Almost everyday I come across interesting turns of phrase or figures of thought that make me pause and think: "oh, I should jot this down somewhere." So I'm going to start collecting them here. This will also double as a public bookmarking system since, more often than not, I won't actually have had the chance to study the source of the phrase yet.

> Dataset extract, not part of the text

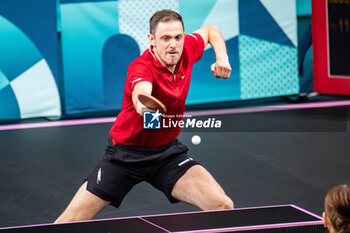 2024-07-27 - Ovidiu Ionescu (ROU), Mixed doubles round of 16, Table Tennis, during the Olympic Games Paris 2024 on 27 July 2024 at South Paris Arena 4 in Paris, France - OLYMPIC GAMES PARIS 2024 - 27/07 - OLYMPIC GAMES PARIS 2024 - OLYMPIC GAMES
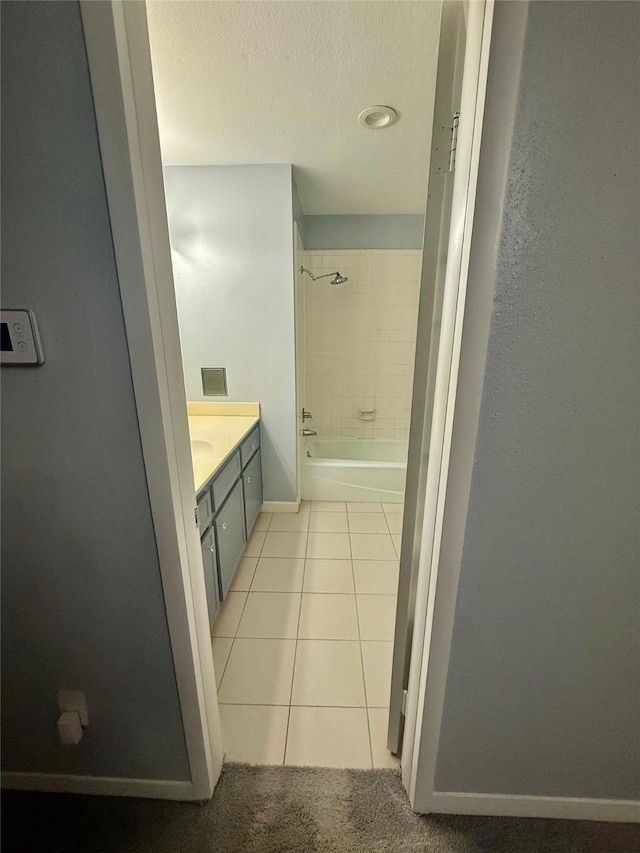 bathroom with vanity, tile patterned floors, and tiled shower / bath combo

My first two entries are from the "Ghost Metropolis: Los Angeles since 13,000" mapping project at Hypercities. I don't know enough about either to explain what they are, so I won't fake it. But I do plan to read through the "Ghost Metropolis" materials, a crazy ambitious history of (what we now know as) L.A. In the course of skimming through the first couple screens these phrases wormed their way into my brain:

1. The Origins of Human Rule of Southern California: which, I learned, began "13.1 to 13 thousand calendar years BP" on Santa Rosa, one of the Channel Islands (when you click on the geolocate button  you swoop in from an outerspace view of the planet earth to this reedy blue dot on a desolate virtual landscape. It's not so much breath-taking as heart-breaking). But to the point: what struck me is this phrase "human rule." Not (just) "human presence," but "rule." I'm intrigued with the idea of politicizing early human life through a multispecies frame. More on this another time.

2. BP / Before Present: I noticed that the "13,000" in the project title doesn't have "BCE" or the old-fashioned "BC" attached. In the body of the text I came across this curious (and perhaps unfortunate) abbreviation, BP. Trusty wikipedia tells me this means "before present." But evidently this present, among the scientists who use this time scale notation system, is not the present per se - but 1950, the point at which modern carbon-dating methods became standard.
     There's a certain shabby beauty in the idea that 1950 somehow constitutes an eternal now (though Wikipedia further informs me that "to account for the concern that the year 1950 has by now moved away from the present significantly, the abbreviation BP has also been re-interpreted to mean Before Physics.") But I wish the idea is as relativistic as the term BP implies. That rather than being a series of fixed points, the past is always relative to the present, always on the move.